Orchestration
Learn how orchestration is handled inside R2R
Introduction to orchestration
R2R uses Hatchet for orchestrating complex workflows, particularly for ingestion and knowledge graph construction processes.
Hatchet is a distributed, fault-tolerant task queue that solves scaling problems like concurrency, fairness, and rate limiting. It allows R2R to distribute functions between workers with minimal configuration.
Key Concepts
- Workflows: Sets of functions executed in response to external triggers.
- Workers: Long-running processes that execute workflow functions.
- Managed Queue: Low-latency queue for handling real-time tasks.
Orchestration in R2R
Benefits of orchestration
- Scalability: Efficiently handles large-scale tasks.
- Fault Tolerance: Built-in retry mechanisms and error handling.
- Flexibility: Easy to add or modify workflows as R2R’s capabilities expand.
Workflows in R2R
- IngestFilesWorkflow: Handles file ingestion, parsing, chunking, and embedding.
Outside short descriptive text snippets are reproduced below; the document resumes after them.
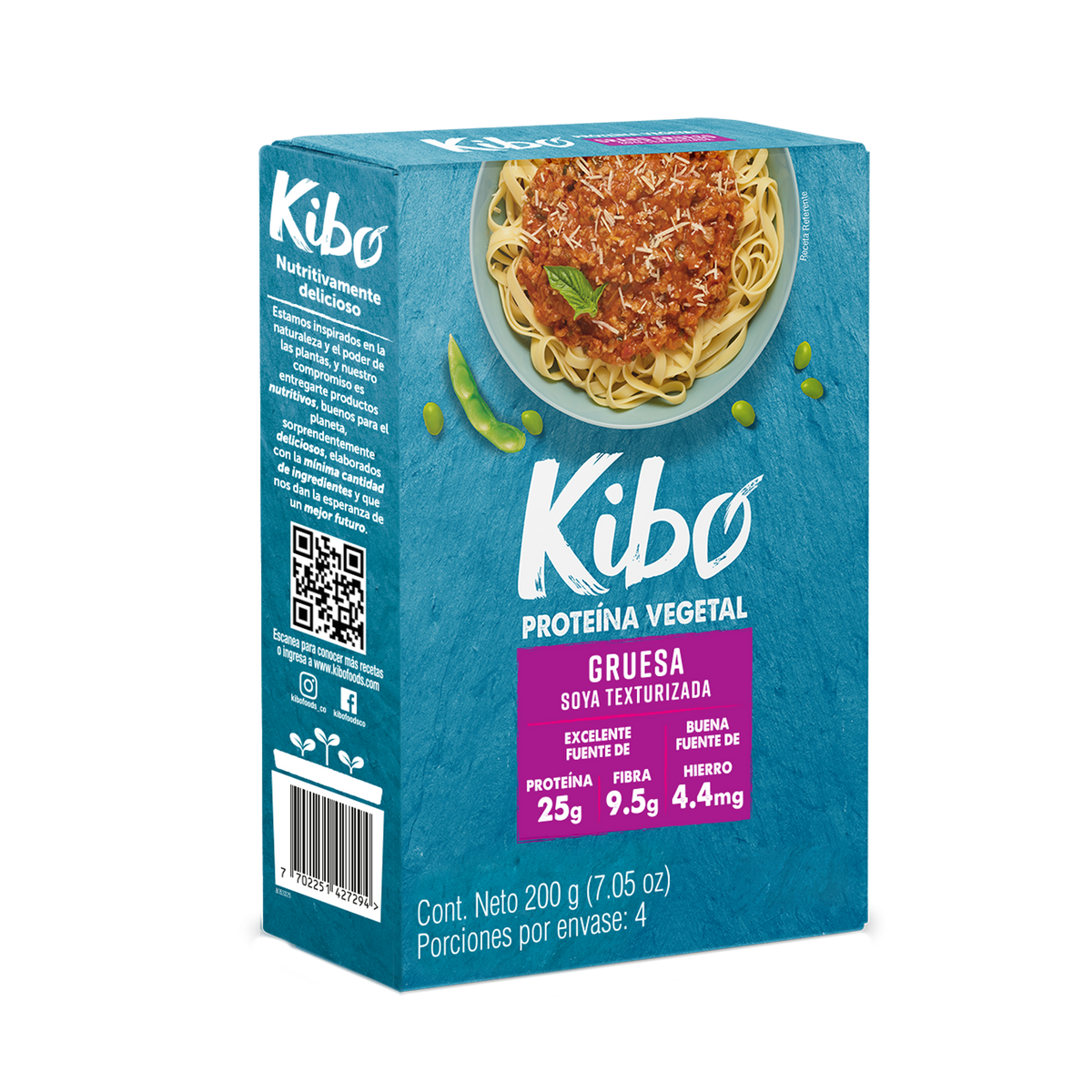 Kibo Proteina Vegetal Gruesa Plegadiza 200 g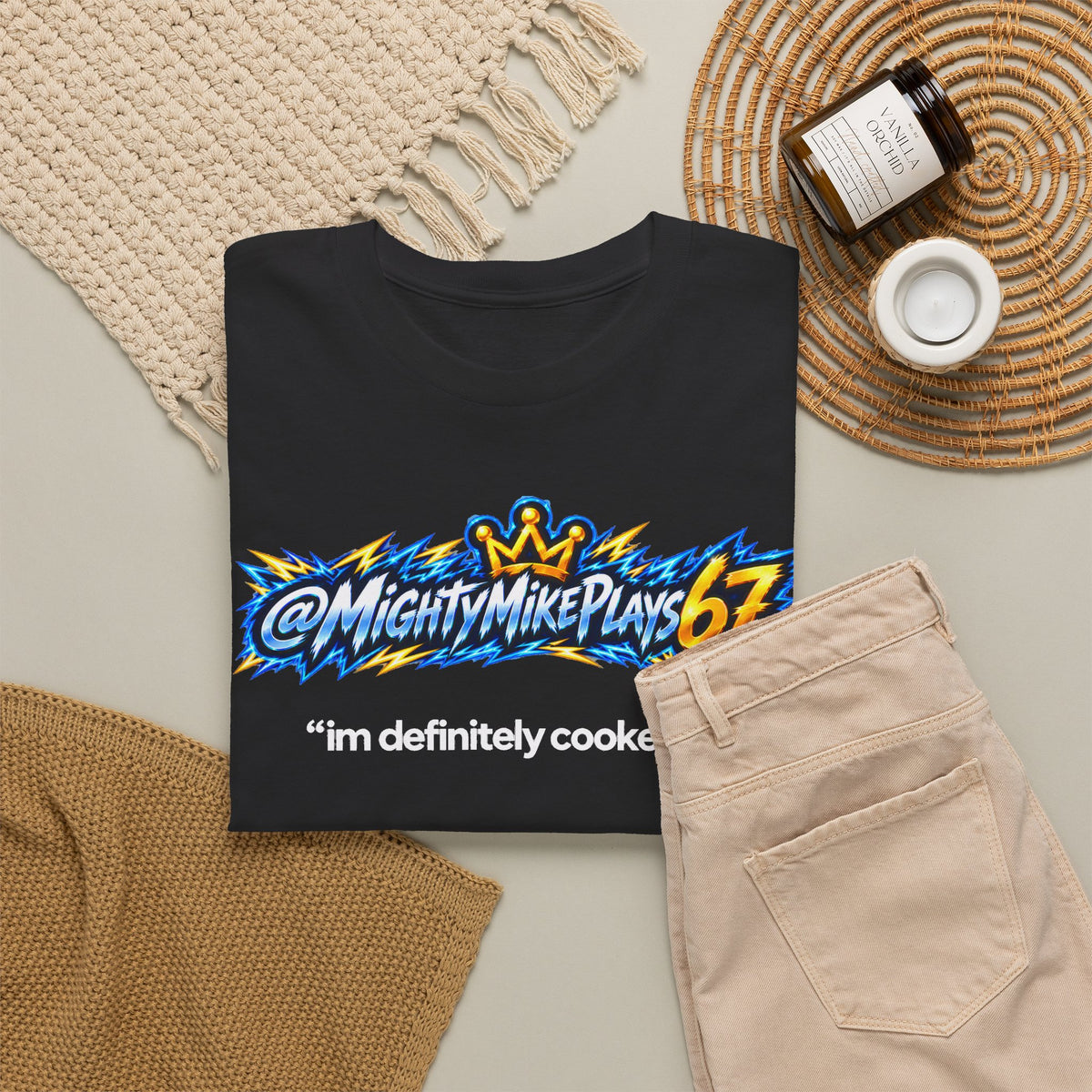 🎮 “I’M DEFINITELY COOKED” Black Tee — VIRAL MODE ⚡👑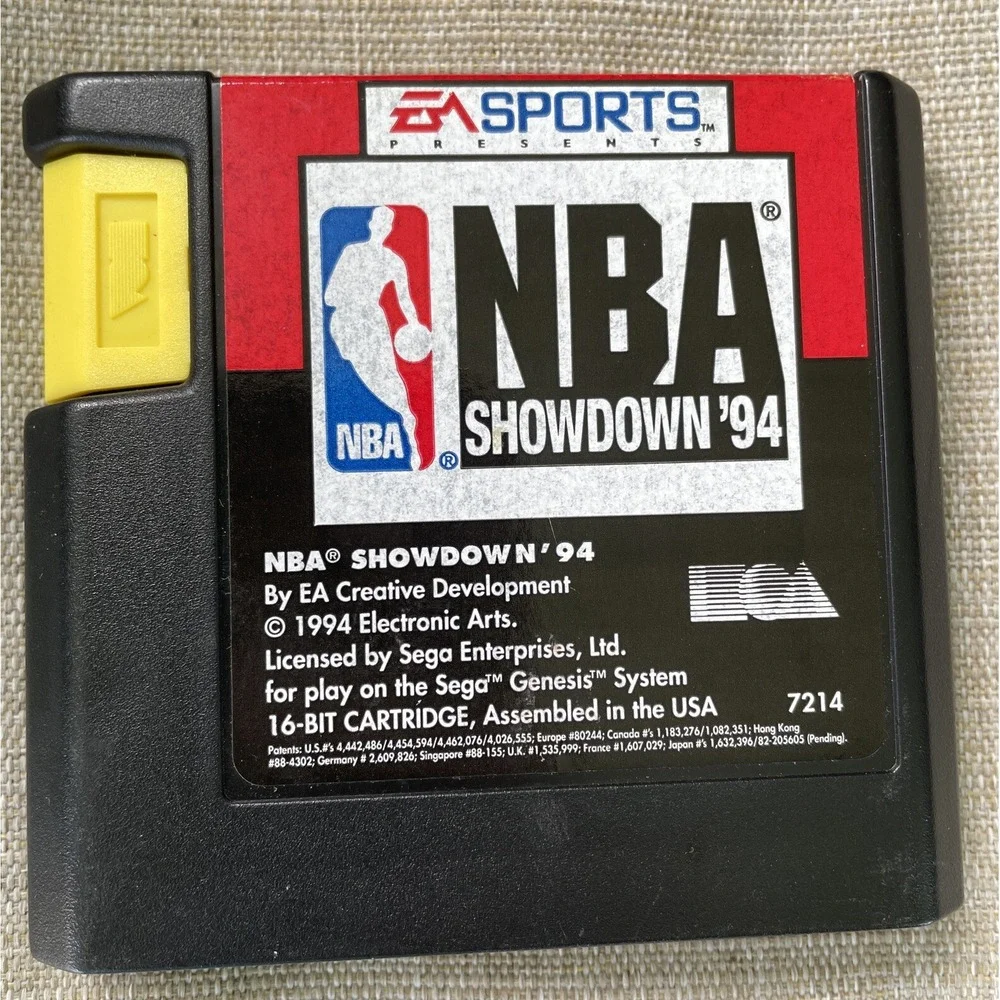 NBA Showdown '94 (Sega Genesis, 1994) Complete. Tested.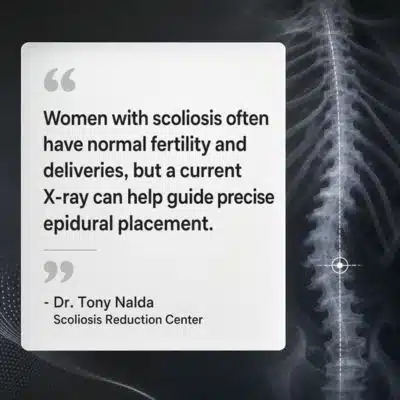 Scoliosis patients have similar fertility 400 A visual representation of the quote from the text starting with “Scoliosis patients have similar fertility"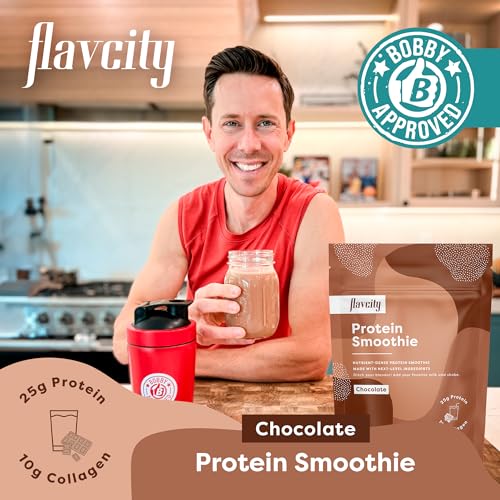 FlavCity Protein Powder Smoothie, Chocolate - 100% Grass-Fed Whey Protein Smoothie FlavCityUS supplements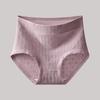 Calcinha de Algodão Puro Tamanho Grande para Mulheres de Meia-Idade e Idosas, Cintura Média-Alta, Que Modela a Barriga, Levanta o Bumbum, Antibacteriana, Algodão Plus Tamanho Grande, Calcinha para Mães Gordas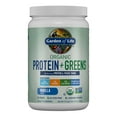 thumbnail image 4 of Garden of Life Organic Plant Based Greens Probiotic 20g Protein Shake Drink Powder for Digestive Gut Health, Vegan, Vanilla, 1.1lb, 4 of 13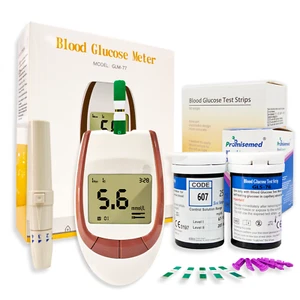 Blood glucose meter, self-monitoring of blood glucose by diabetic patients - Picture 1 of 8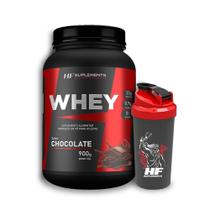 Whey Protein Chocolate 900G + Coqueteleira Whey Protein Chocolate 900G + Coqueteleira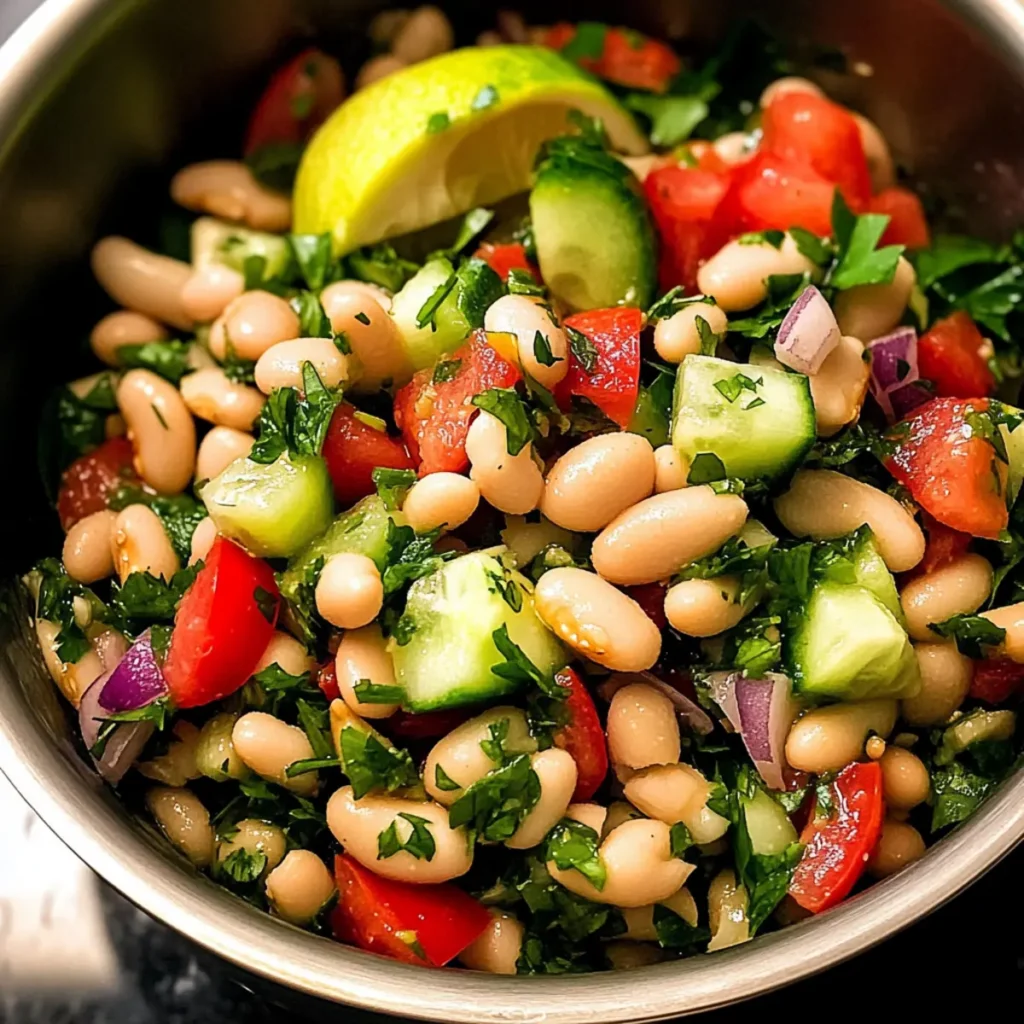 White Bean Tabbouleh Salad: A Fresh, Protein-Packed Delight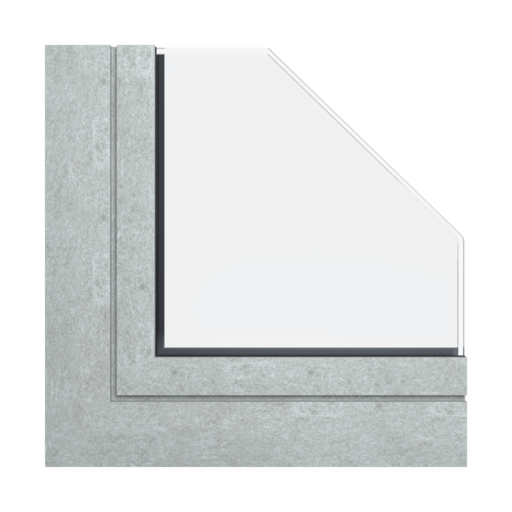 Bright concrete loft view ✨ 🆕 windows window-profiles aliplast genesis-75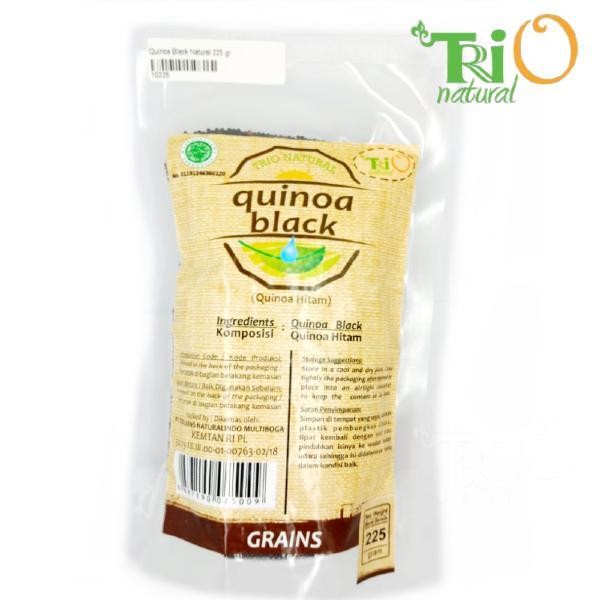 

ES TriO Natural Quinoa Black 225 gram - Sumber Protein Lengkap & Antioksidan Tinggi - Cocok untuk Makanan Bayi Gluten-Free - Grains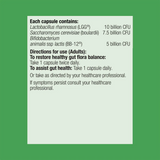 The ingredients including Lactobacillus rhamnosus (LGG), Saccharomyces cerevisiae boulardii, Bifidobacterium animalis ssp lactis bb-12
- UpdateFilesWorkflow: Manages the process of updating existing files.
- KgExtractAndStoreWorkflow: Extracts and stores knowledge graph information.
- CreateGraphWorkflow: Orchestrates the creation of knowledge graphs.
- EnrichGraphWorkflow: Handles graph enrichment processes like node creation and clustering.
Orchestration GUI
By default, the R2R Docker ships with with Hatchet’s front-end application on port 7274. This can be accessed by navigating to http://localhost:7274
.
You may login with the following credentials:
Email: [email protected]
Password: Admin123!!
Login
Running Tasks
The panel below shows the state of the Hatchet workflow panel at http://localhost:7274/workflow-runs
immediately after calling r2r ingest-sample-files
:
Inspecting a workflow
You can inspect a workflow within Hatchet and can even attempt to retry the job from directly in the GUI in the case of failure:
Long running tasks
Hatchet supports long running tasks, which is very useful during knowledge graph construction:
Coming Soon
In the coming day(s) / week(s) we will further highlight the available feature set and best practices for orchestrating your ingestion workflows inside R2R.